DIŞ GÜÇLER
(Dış Güçlerin, İç Operasyonu)
Son zamanlar da siyasetçilerin sürekli dış güçler, dış güç işbirlikçileri gibi söylemleri var, kimi sorumluluklarının geregini yapmadıkları için yaşanılan olumsuzlukların sorumluğunu dış güçlere atar… Kimi ise yaşanılan ekonomik sıkıntılara dikkat cekebilmek için ancak bu kadar dış acık, bu kadar dış borç işbirlikci yönetimlerle olur mealiden sözler söylerler… Dış güçler ne zamandır var derseniz taaa Orhun yazıtlarından bu yana var, buyurun ilk dış güç uyarısını birlikte okuyalım.. İlk uyarı 732 yılında, yapılmıştır, kim neden dış güç uyarısı yapmıştır?
““ (K 4) ipeklileri ihtiyaçtan fazlasıyla öylelikle verirler. Çin halkının sözleri tatlı, ipeklileri yumuşakmış. Tatlı sözle, yumuşak ipeklilerle kandırıp uzaktaki halkları bu şekilde kendilerine yaklaştırırlarmış. Yakına yerleştikten sonra da gereken kötülüğü orada düşünürlermiş. Bilgili ve yiğit insanları ilerletmezlermiş. Bir kişi suç işlerse bütün kavmini, halkını, akrabalarına varıncaya kadar öldürmezlermiş.
(K 5) Çinlilerin tatlı sözlerine, yumuşak ipeklilerine kanıp Türk halkından bir çoğunuz öldünüz. Türk halkı, mutlaka öleceksin! Güneye Çugay dağlarına, Tögültün ovasına yerleşeyim dersen, Türk halkı, mutlaka öleceksin. Kötü insanlar şöylece akıl verirlermiş: “Uzakta isen Çinliler ipeklinin kötüsünü verirler, yakındaysan ipeklinin iyisini verirler” diye öğretirlermiş.””

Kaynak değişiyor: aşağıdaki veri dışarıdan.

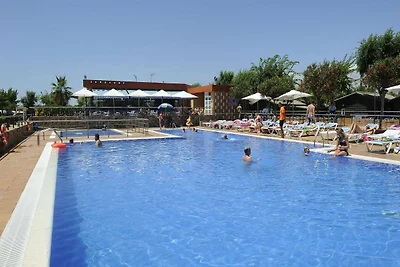 Stacaravan met overdekt terras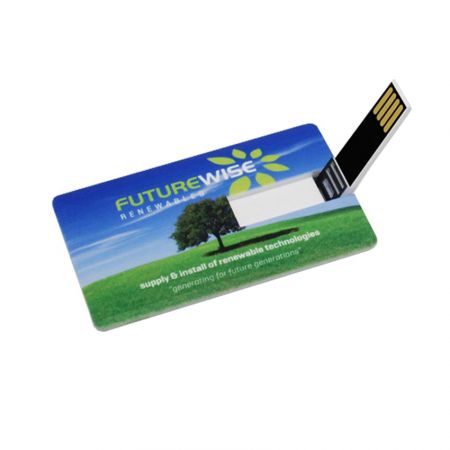 La chiavetta USB a forma di biglietto da visita è l'ideale per un uso personale.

Bu 1300 yıl kadar önce ki dış güçlere karşı toplumunu uyaran, o günün lideri Bilge Kaan toplumuna böyle seslenmiş idi.. Şimdi daha yakın tarihe gelelim, bu örnekleri neden veriyorum, şunu hiç unutmayalım dış güçler hep vardı, hep var olacak, asıl önemli olan bu dış mihraklarla ekonomik, askeri, siyasi, diplomasi ile karşılıklı toplumsal çıkarlar gereği kah uzlaşı, kah ekonomik gücümüz, kah askeri gücümüz oranın da… Toplum olarak başka toplumlarla çıkarlarımıza uygun ekonomik ilişkiler gerçekleştirme bilgisi, aklı, mantığı ile hareket etmeliyiz… Siyasal, bagımsızlık kadar ekonomik bağımsızlığında gerektiğini hatta ikisi olmazsa birinin olamayacağının da bilinmesi yöneticilerimizin karar alırken bu dengeye dikkat edecegi düşünceleriyle dış mihraklar, uyarılarına bakmaya devam edelim mi? Sadece dış mihrak dış olarak kalmaz, bazen ekonomik işgal, bazen bir fiil işgalle direk içi operasyon da yaparlar…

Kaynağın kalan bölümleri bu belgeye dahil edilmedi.